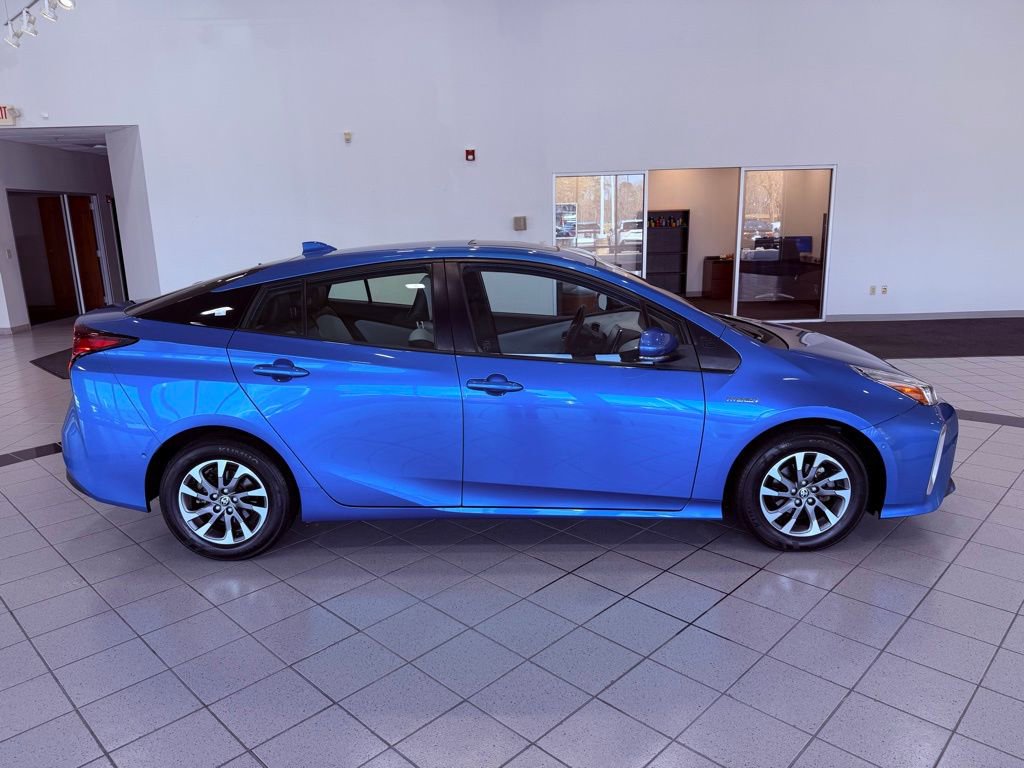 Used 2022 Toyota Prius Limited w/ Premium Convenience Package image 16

...

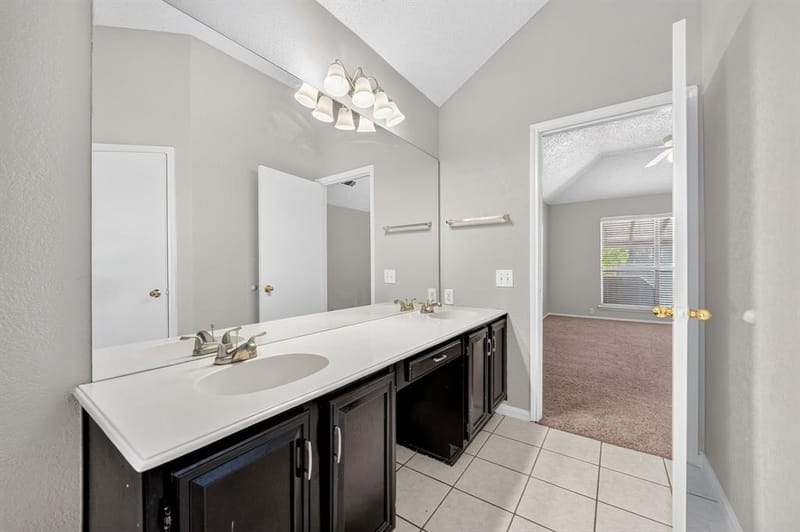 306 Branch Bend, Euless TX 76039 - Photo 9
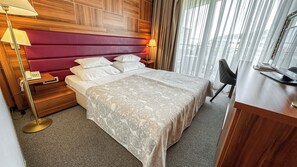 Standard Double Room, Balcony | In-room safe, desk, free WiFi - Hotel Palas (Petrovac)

Work request :: What should come back is an exact copy of the lines above from the line with "306 Branch Bend, Euless TX 76039 - Photo 9" to the line with "Standard Double Room, Balcony", both included, minus the pictures.

Your solution ::
 306 Branch Bend, Euless TX 76039 - Photo 9
 Standard Double Room, Balcony | In-room safe, desk, free WiFi - Hotel Palas (Petrovac)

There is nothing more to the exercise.